Work order: Repeat each line of the data below exactly, but skip the pictures.

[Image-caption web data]
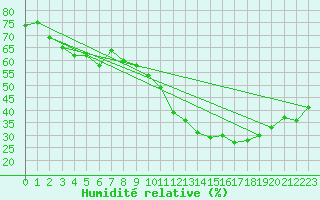 Courbe de l'humidit relative pour Marignane (13)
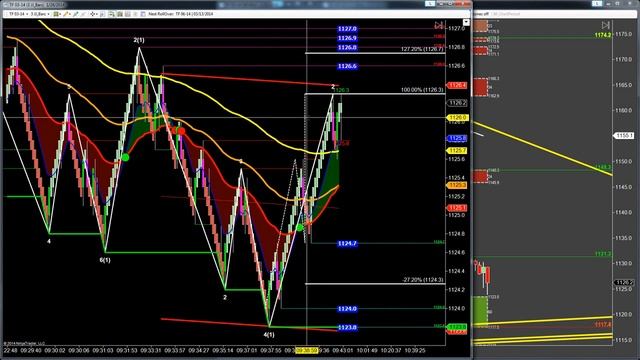 E-Mini Russell Futures Supply and Demand Zone Trading; SchoolOfTrade.com смотреть онлайн
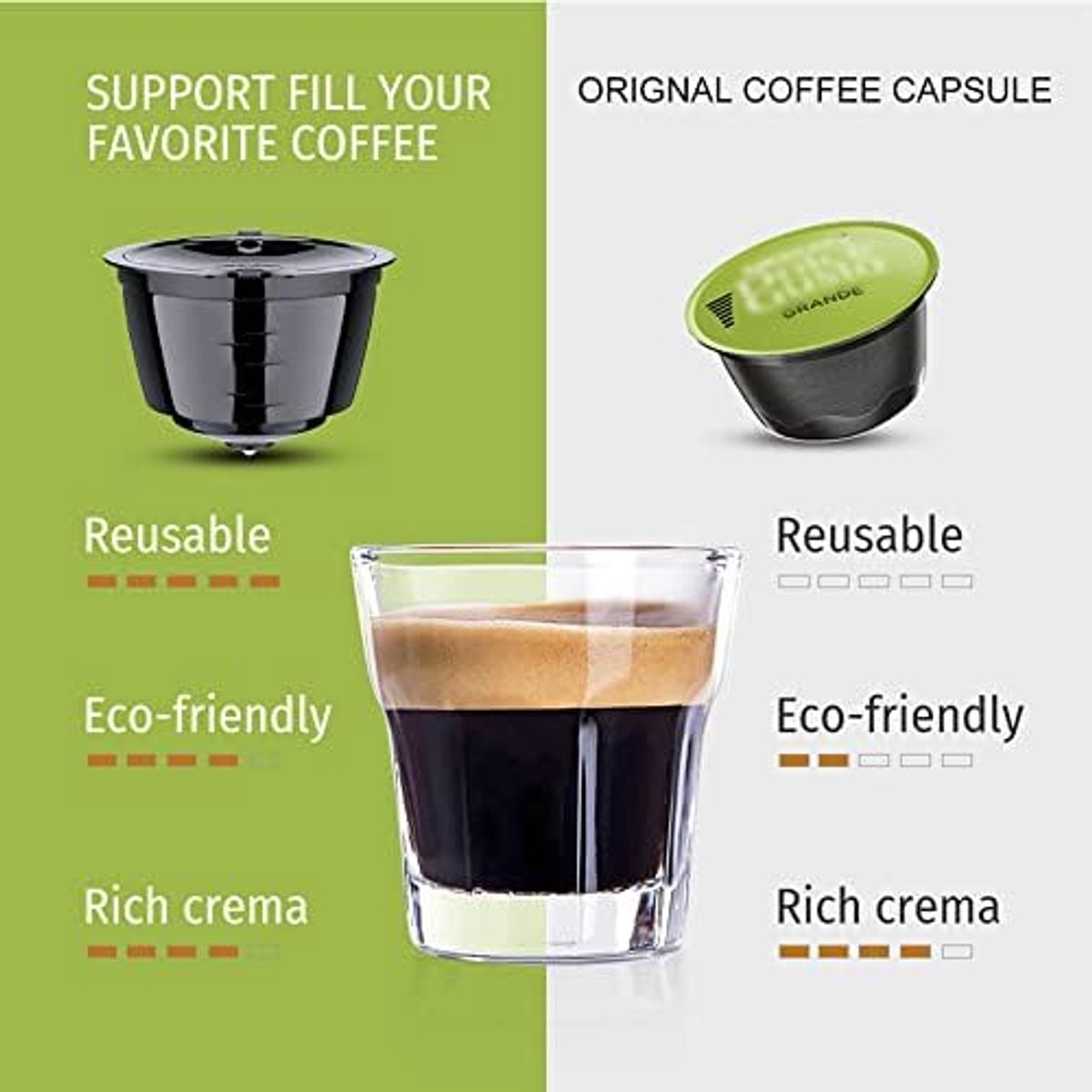3 koffiefiltercapsules, navulbaar herbruikbaar koffiecapsuleapparaat voor Dolce Gusto, Koffie Accessoires, met 1 kunststof lepel en 1 reinigingsborstel
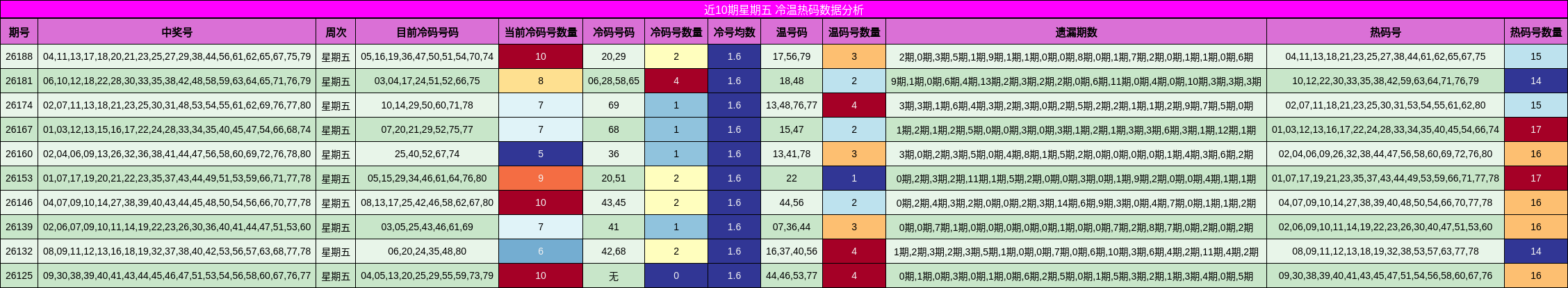近10期星期五 冷温热码数据分析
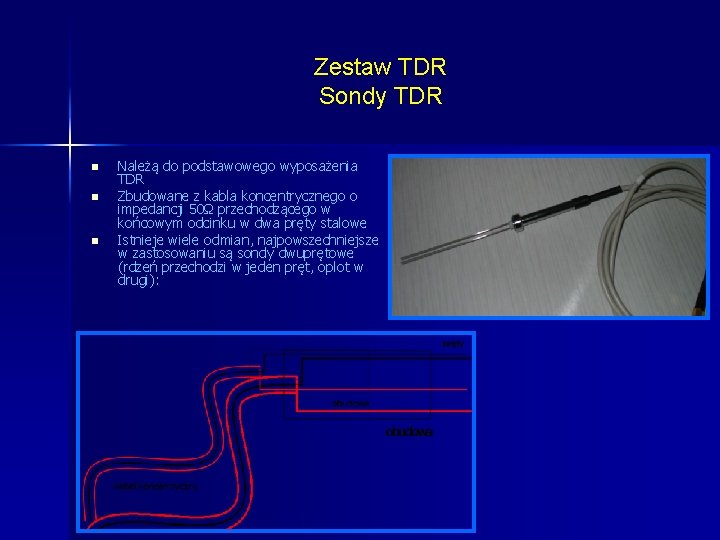 Zestaw TDR Sondy TDR n n n Należą do podstawowego wyposażenia TDR Zbudowane z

Response to this task:
 Courbe de l'humidit relative pour Marignane (13)
 E-Mini Russell Futures Supply and Demand Zone Trading; SchoolOfTrade.com смотреть онлайн
3 koffiefiltercapsules, navulbaar herbruikbaar koffiecapsuleapparaat voor Dolce Gusto, Koffie Accessoires, met 1 kunststof lepel en 1 reinigingsborstel
近10期星期五 冷温热码数据分析
 Zestaw TDR Sondy TDR n n n Należą do podstawowego wyposażenia TDR Zbudowane z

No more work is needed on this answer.